> [Data for processing]:
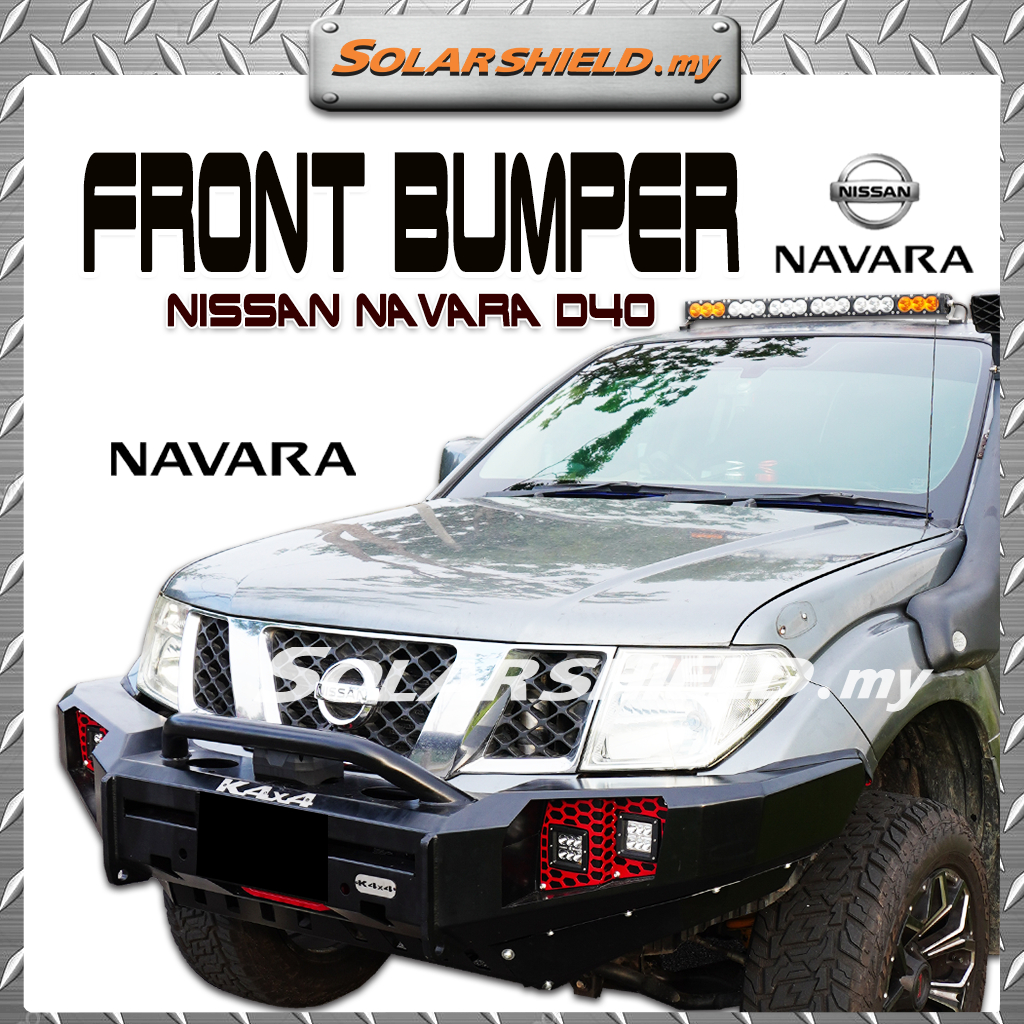Nissan Navara D40 NFront Bull Bar Bumper 4X4 Front Bumper Bumper Depan ...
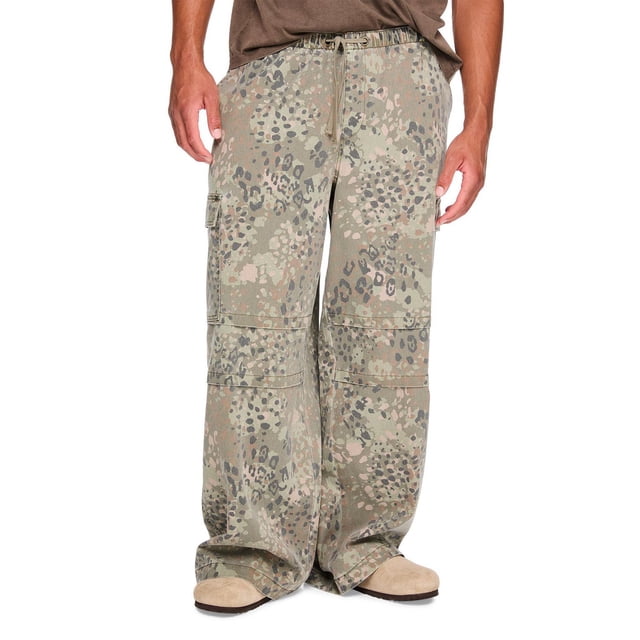 No Boundaries Men's Pull-On Baggy Cargo Pant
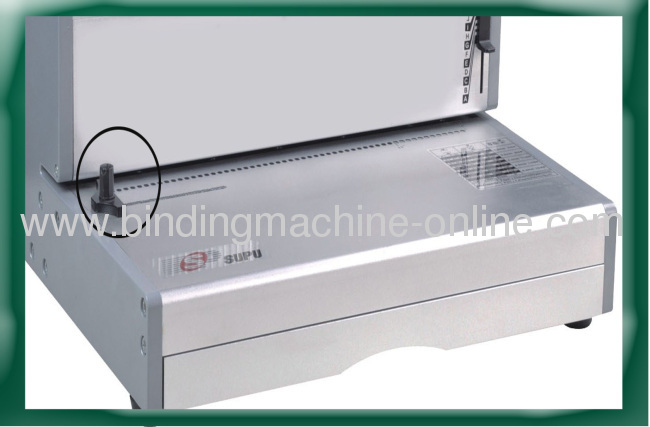 14 Inch Paper Size Electric Spiral Coil Binding Machine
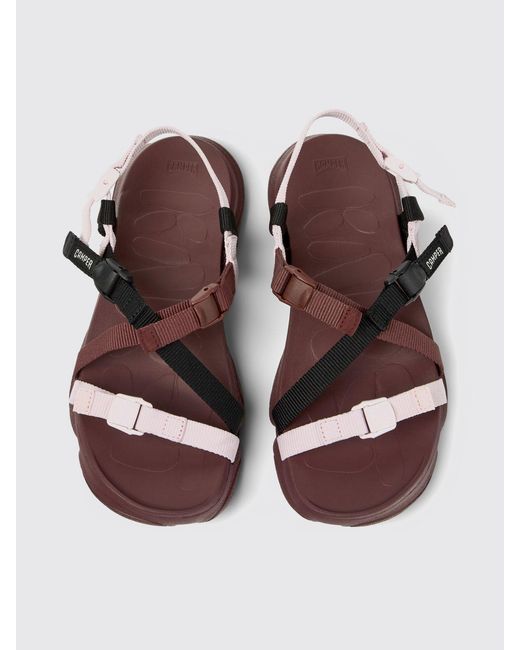 Camper Multicolor Karst Recycled Fabric Sandal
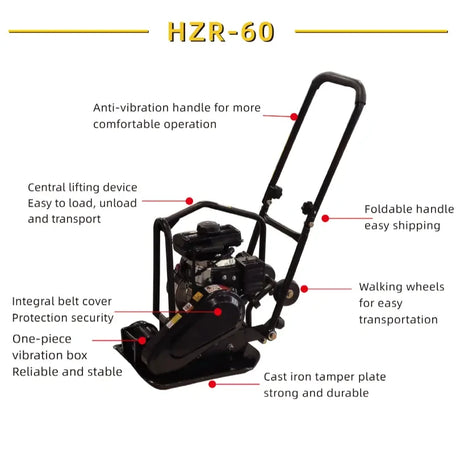 Dynamic Loncin 350mm Compaction Plate HZR-60 with Water Tank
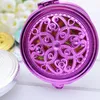 Vintage Hand Mirrors Pocket Mirror Mini Compact Mirrors Girl Double-Side Folded Hollow Out Makeup Mirror Radom Colors HHB1713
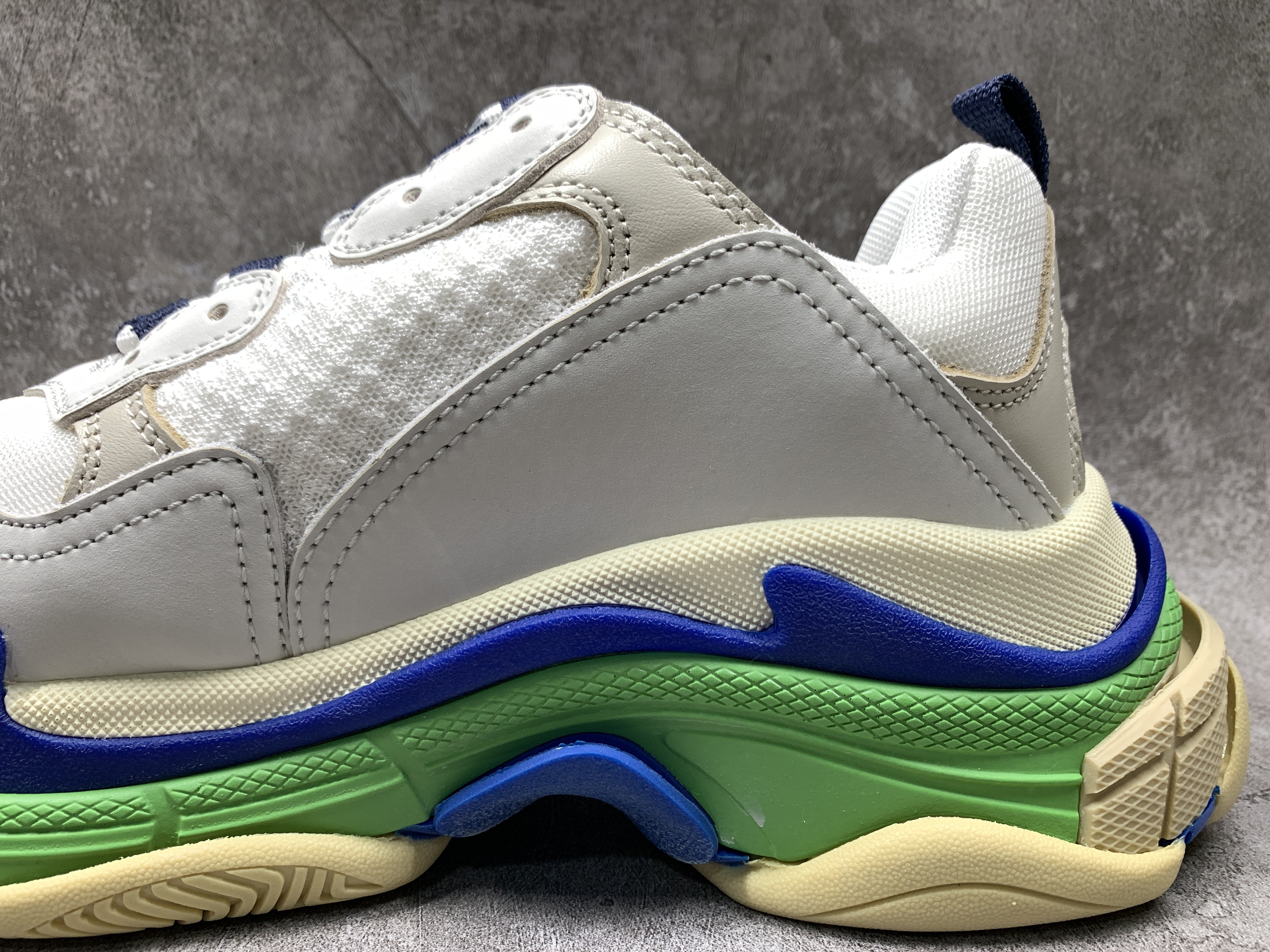 Balenciga Triple S Blue Green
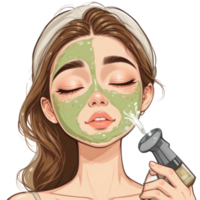 Self Care Routine With Clay Mask png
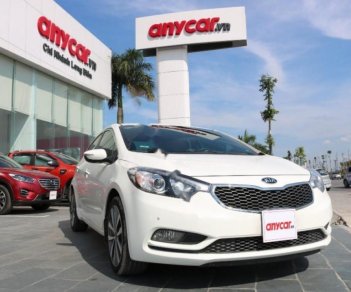 Kia K3 1.6 AT 2015 - Cần bán Kia K3 1.6 AT đời 2015, màu trắng, giá 554tr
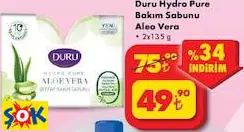 DURU HYDRO PURE BAKIM SABUNU ALEO VERA • 2X135 G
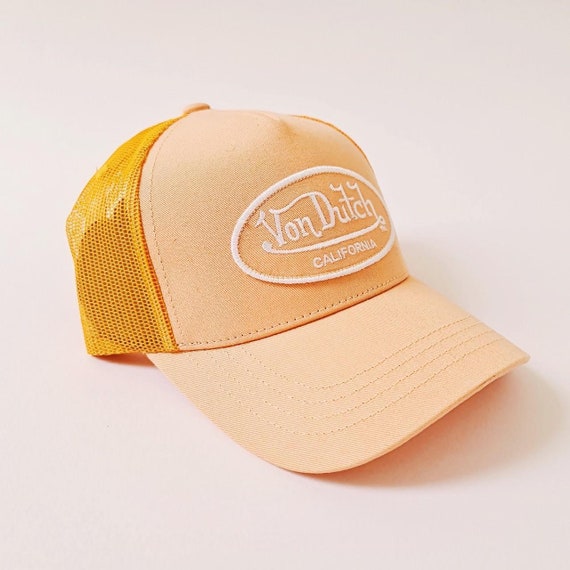 帽子 von dutch logo design orange cap Von Dutch LOF B12 Orange Adjustable Trucker Hat: Caphunters.com
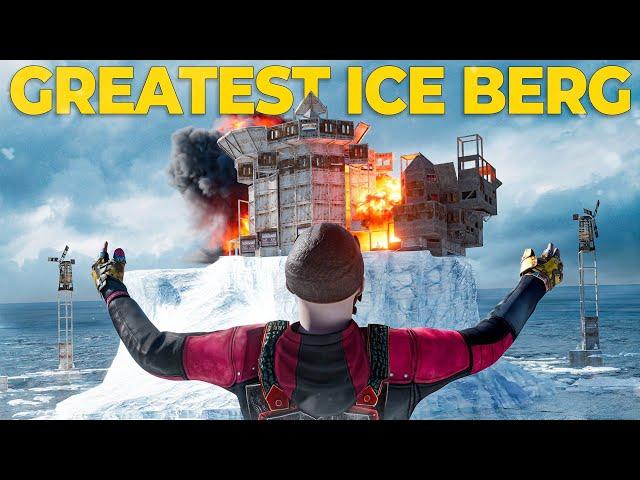 We Made The CRAZIEST ICE BERG Base - Vanilla Rust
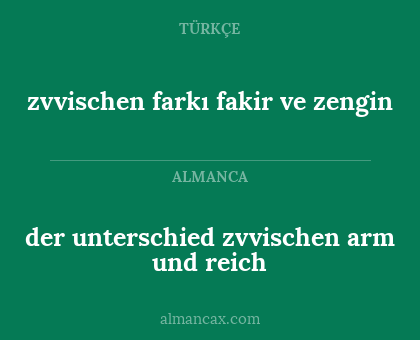 der unterschied zvvischen arm und reich - zvvischen farkı fakir ve zengin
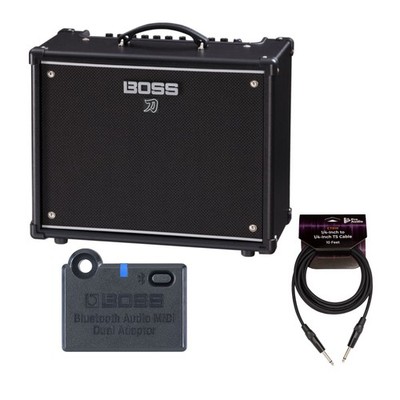 Boss Katana Gen 3 50W 1x12 Combo Guitar Amplifier Bundle (Black)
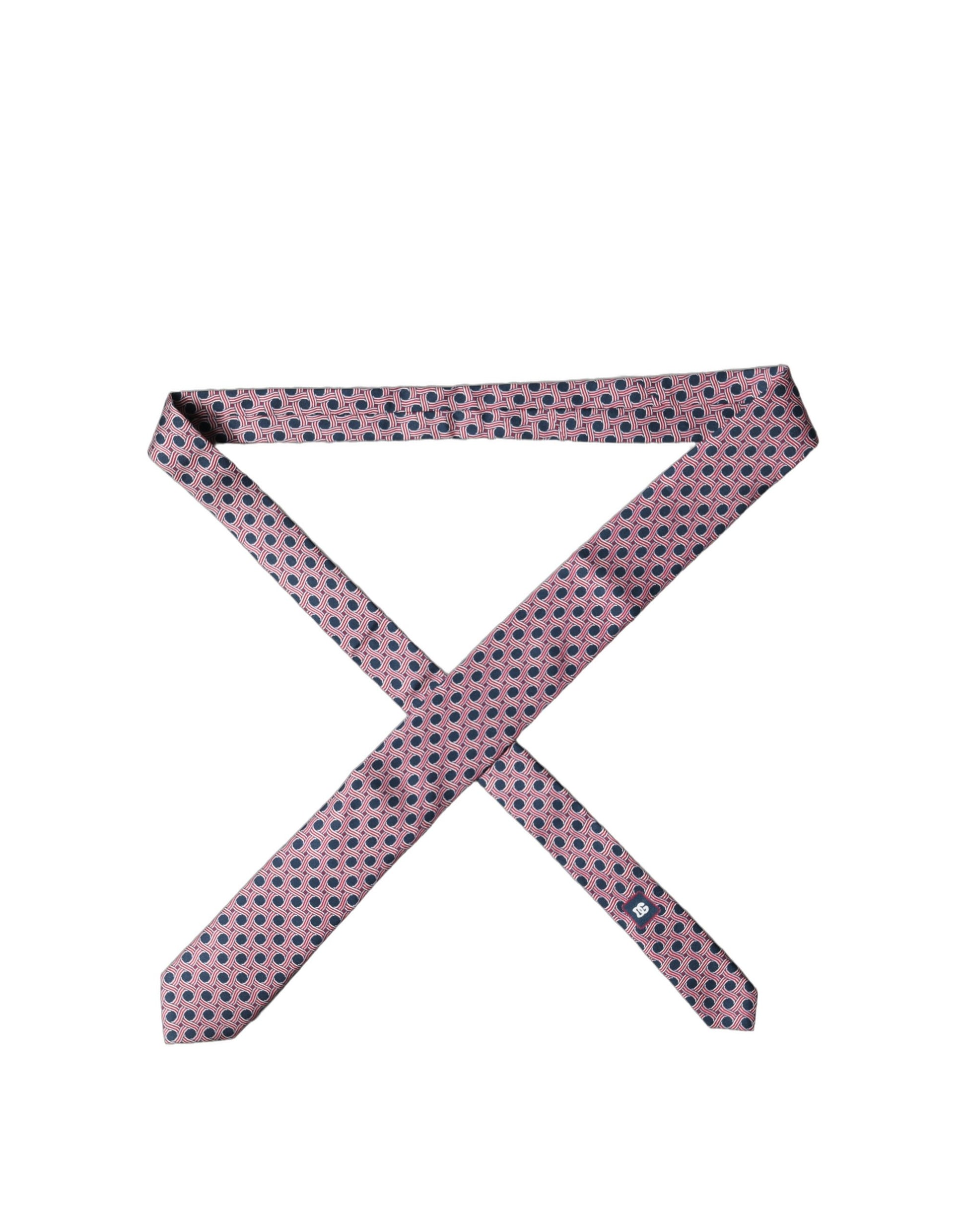 Dolce & Gabbana Multicolor Patterned Silk Adjustable Necktie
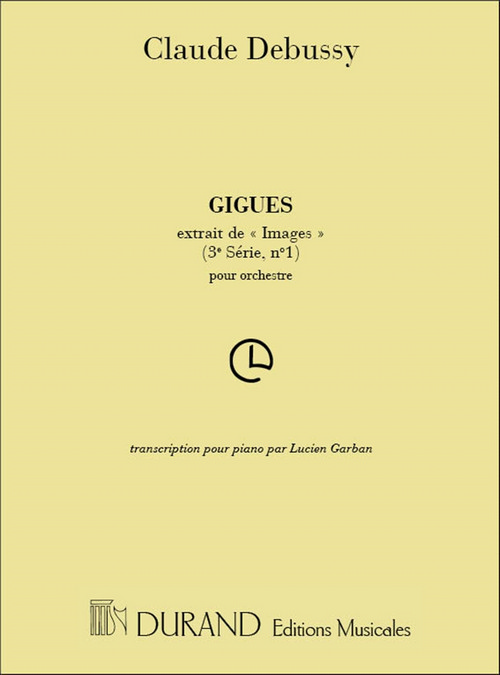 Gigues (extrait de Images), transcription pour piano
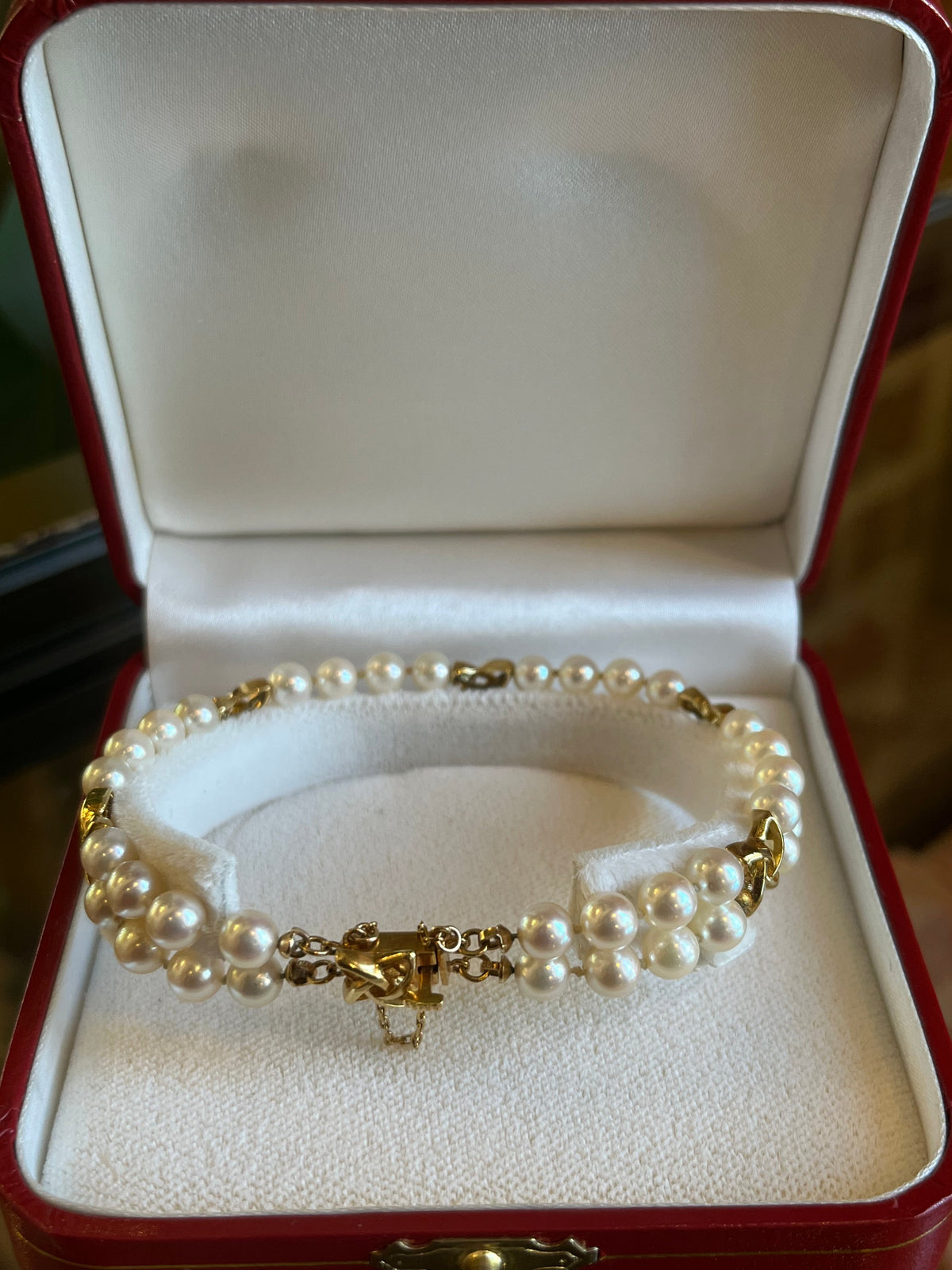 MIKIMOTO Double Strand Pearl Bracelet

> [What the exercise asks]:
From the listing above, please give again the lines that begin with the line holding "We Made The" and go on through the line holding "Dolce & Gabbana", exactly, both ends included, minus any picture.

> [Written solution]:
 We Made The CRAZIEST ICE BERG Base - Vanilla Rust
 der unterschied zvvischen arm und reich - zvvischen farkı fakir ve zengin
 Boss Katana Gen 3 50W 1x12 Combo Guitar Amplifier Bundle (Black)
 Dolce & Gabbana Multicolor Patterned Silk Adjustable Necktie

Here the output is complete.